Each of the brothers concentrates on certain types of guitars as well. Rick specializes in making steel-string acoustic and jazz fusion guitars, and he also designs and creates custom inlays with stones such as turquoise, coral, mother of pearl and abalone, and gold and silver. Victor builds and repairs classical guitars, mandolins, ukuleles, and Greek bouzoukis. And Robert’s forte is custom classical, grand concert (smaller-bodied guitars ideally suited for fingerstyle), flamenco and jazz fusion classical guitars, and requintos (smaller classical guitars, traditionally from Spain and Mexico). In addition, Lorenzo taught his sons to always innovate and improve as luthiers, which has resulted in noteworthy musical breakthroughs. “Because of his encouragement, we created fusion-style stringed instruments that could be played with electronics, especially for a big audience,” Robert notes. “We have also created new bracing concepts, which enhance the guitar’s sustain and volume.”

While the family’s guitars are renowned for their quality, they are also works of art. Over the years, Lorenzo collected various types of rare woods traditionally used in making musical instruments, such as Brazilian rosewood and East Indian rosewood, which in some cases are impossible to obtain today. All these woods age for at least ten to fifteen years in their warehouse’s dry New Mexico climate, allowing the instruments made from them to be fully playable in any part of the world.
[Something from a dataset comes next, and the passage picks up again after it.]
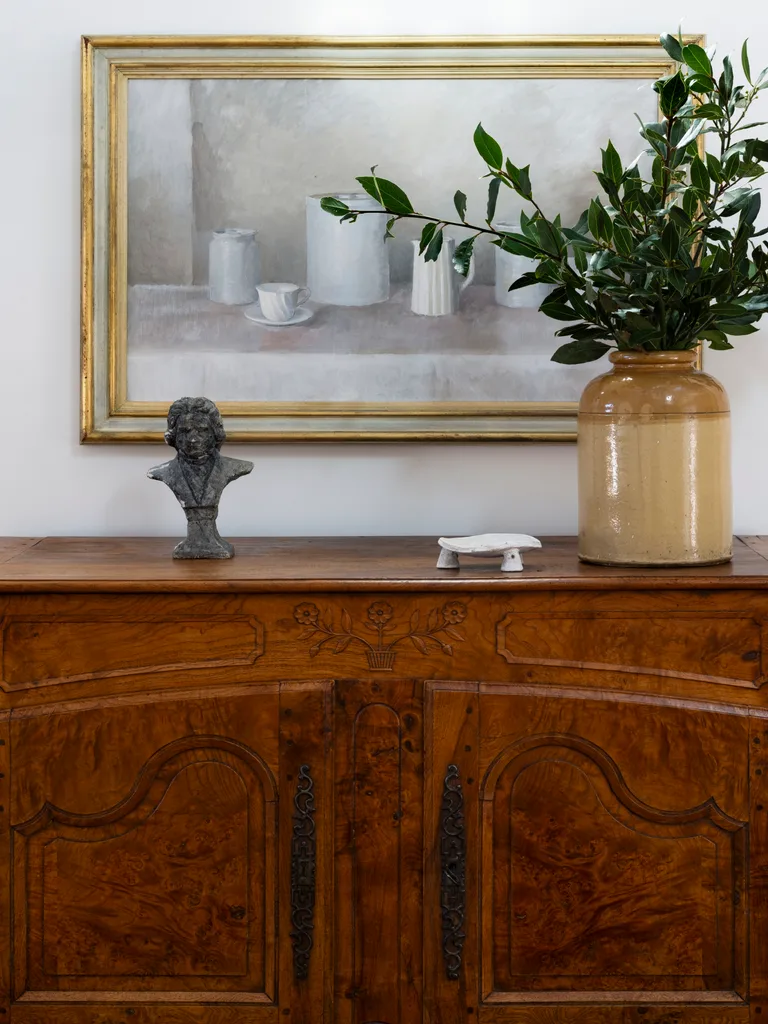 A vintage timber cabinet topped with a sculpture and vase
They are then adorned with Pimentel’s exquisite inlay designs to create their noted series of guitars such as Day of the Dead, Dream Catcher, Southwestern, and New Mexico.

Striking a Universal Chord
For its craftsmanship, Pimentel and Sons has been recognized locally, nationally, and internationally. New Mexico named Pimentel’s New Mexico Sunrise as its state guitar, and Pimentel guitars are featured in museums in New Mexico, South Dakota, and even Japan. In 2017, the United States Congressional Record recognized the business for “65 years of building handcrafted instruments that are sought after by guitar players and collectors around the world.” The following year, Classical Guitar magazine included Pimentel as the only US guitar-making family in its story “Guitar-Building Dynasties Have Powered the Instrument’s Evolution,” listing it alongside accomplished luthiers from Spain and several other countries.

The guitars and other string instruments that Pimentel produces range in price from a few thousand dollars to tens of thousands of dollars, and each has a full lifetime warranty. However, despite the price, there is no shortage of buyers. For example, Mel Bay Publications, which produces a well-known line of music books, has been an avid customer and has even featured Pimentel guitars on its covers. Likewise, Ben Perea, acclaimed banjo and guitar player for local New Mexico legends the Watermelon Mountain Jug Band, says that he prefers Pimentels over other well-known guitars he owns.

But the Pimentel and Sons experience is perhaps best summed up by another customer, Dave Dunlap, a professional classical guitarist and music educator based in New Jersey who had sought out a new guitar for several years when he came upon Pimentel. “The moment you walk into the Pimentel shop, they make you feel at home,” he says. “The workmanship that goes into a Pimentel guitar is the finest I have ever seen from any other luthier. I feel they put a little bit of their heart and soul into each instrument they construct.”